Some time I feel like the art part of photography is looked down on. As in if i take a picture and it is lacking "correctness" as in exposure, lighting etc. that it is almost looked down on even if I'm just showing what and how I see things...
Just a Thought
It's important to understand, though, that art of any type has really always been this way. Painting, drawing, music, writing; all of these arts follow certain schools of thought and put forward certain standards that, for better or worse, loosely dictate what is considered good or bad.
On one hand, this makes individuals somewhat spiteful... the feeling is, "This is
my art, why isn't it respected as such?" It's an understandable sentiment.
On the other hand, though, such standards are what allow us to have coherent art forms.... it's how we are able, as a society, to produce art that people can understand.

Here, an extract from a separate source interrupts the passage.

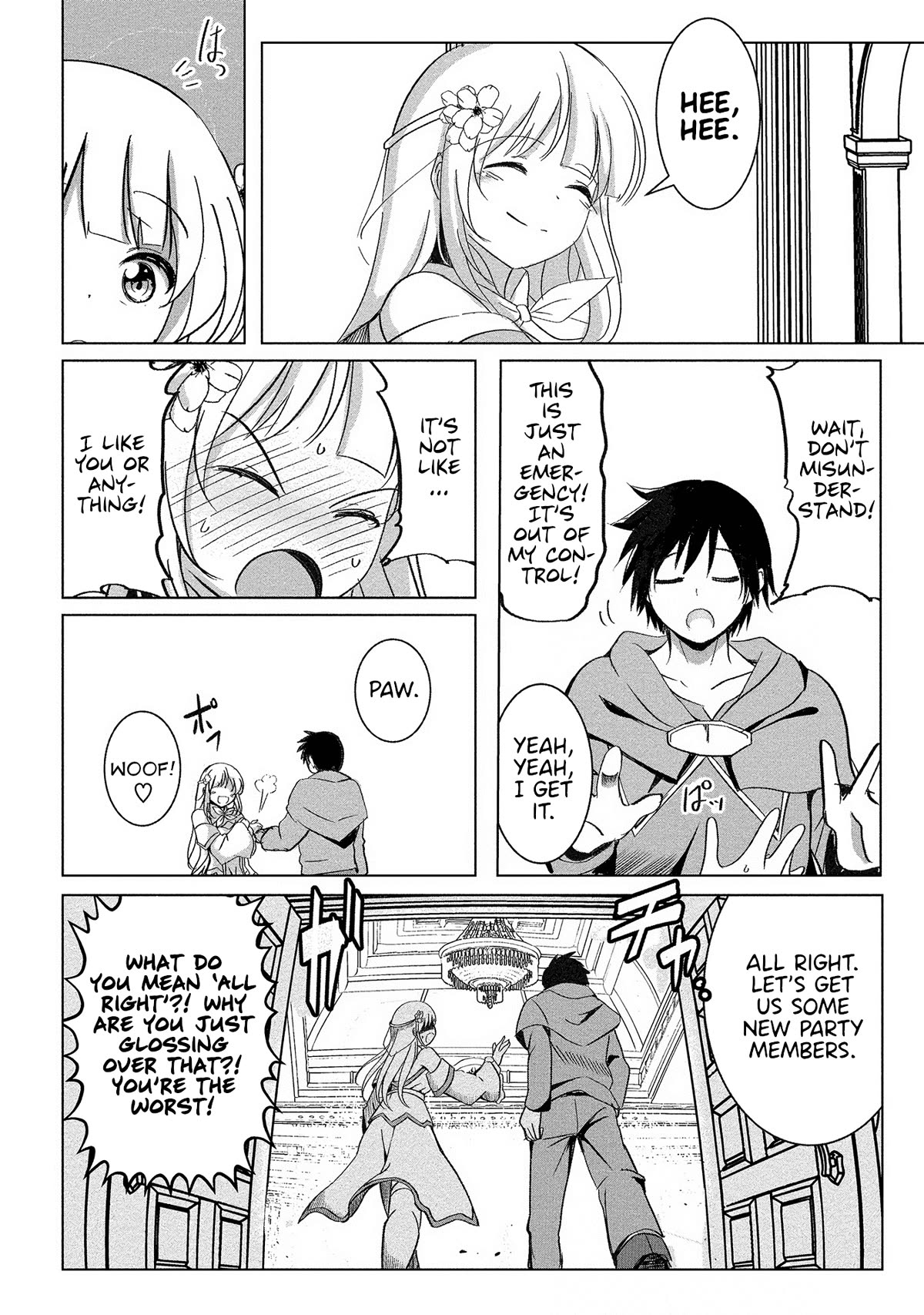 Dunking on Succubi in Another World Chapter 9 page 4 - Chapter 9: Elf Villages Just Burn so Easily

I think that there is a certain double-bind that characterizes most types of art. On one side of the coin, it is emphasized that our art should come thoroughly and entirely from our own instinctive, artistic sense: "You should create art that
you like"... "You shouldn't worry about impressing others"... "Don't let people dictate to you what your art should be". Many beginners in artistic fields seem to focus on this to the exclusion of anything else and wind up with a kind of "me-against-the-world" attitude... a resentment towards a society that seems to heartlessly reject their artistic efforts and send them back to the drawing board.

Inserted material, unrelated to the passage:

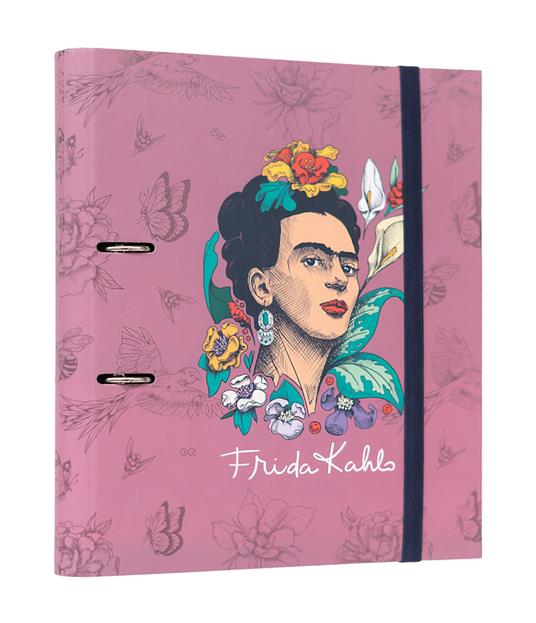 Raccoglitore A 2 Anelli Frida Kahlo Viva La Vida - Grupo Erik - Cartoleria  e scuola | IBS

But, what these individuals ignore is that all forms of art are about communication. Art
should be created to uniquely reflect the creator, but at the same time, it needs to be able to speak to others... to convey to others what the creator experienced with a certain amount of fidelity. If a painting, musical piece, or photograph cannot do that, then indeed, it is something of an artistic failure. No worries... the great painters made countless paintings that they never showed anyone because they deemed them flawed. Likewise, the greatest photographers took many thousands of exposures that got a one-way trip to the trash bin. Nobody strikes gold everytime.
As I mentioned on another thread some time ago: compare art (as communication) to language. I can convey so much more to someone using a refined and trained language like English, rather than just haphazardly barking sounds at people I meet.
Abiding by certain conventions doesn't rob individuality from art... in fact, it allows us to speak much more through our art than if we just offered up whatever we happened to create.